- About this exercise -
Among the records that follow, set down only the lines from the one containing "Certified 2025 Honda Accord LX image 29" to the one containing "2022 Toyota 4Runner TRD Off Road 5", both included, exactly.

- Material supplied -

_ _ _ _ _

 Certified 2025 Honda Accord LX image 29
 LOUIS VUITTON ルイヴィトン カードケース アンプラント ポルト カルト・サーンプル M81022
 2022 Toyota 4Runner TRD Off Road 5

_ _ _ _ _

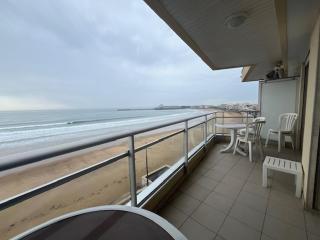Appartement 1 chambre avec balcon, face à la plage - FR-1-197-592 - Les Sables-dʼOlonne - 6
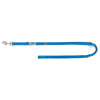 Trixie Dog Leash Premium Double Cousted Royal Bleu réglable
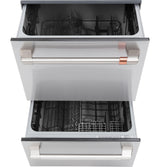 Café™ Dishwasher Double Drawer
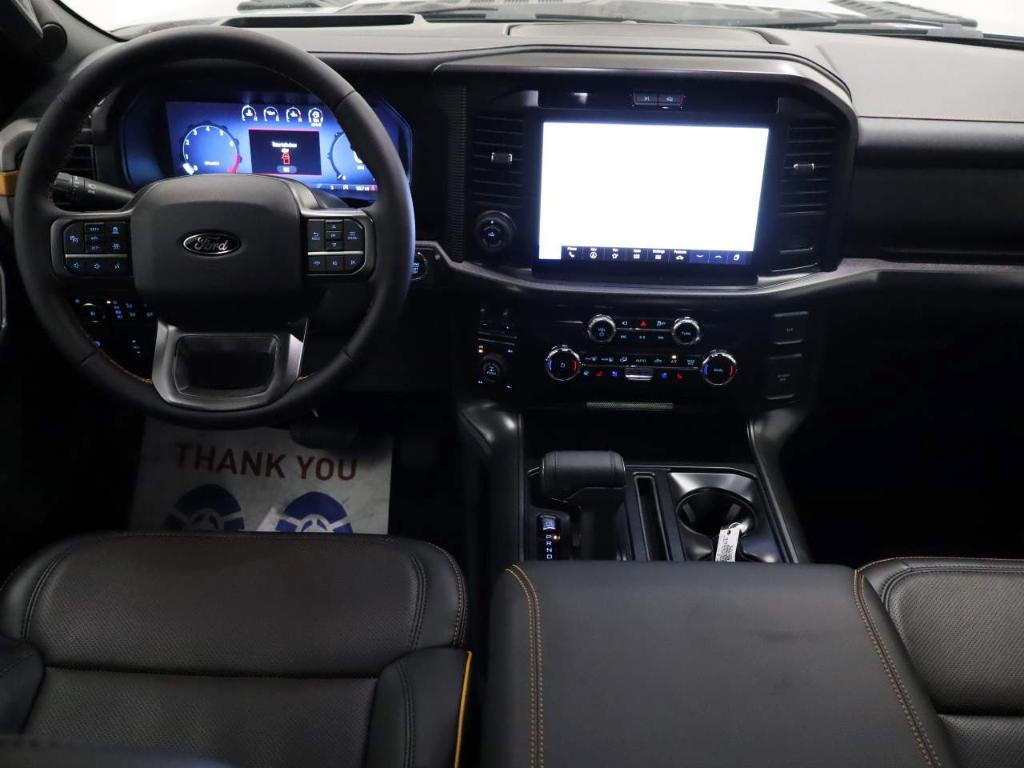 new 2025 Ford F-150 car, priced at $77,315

_ _ _ _ _

- Exercise solution -
 Certified 2025 Honda Accord LX image 29
 LOUIS VUITTON ルイヴィトン カードケース アンプラント ポルト カルト・サーンプル M81022
 2022 Toyota 4Runner TRD Off Road 5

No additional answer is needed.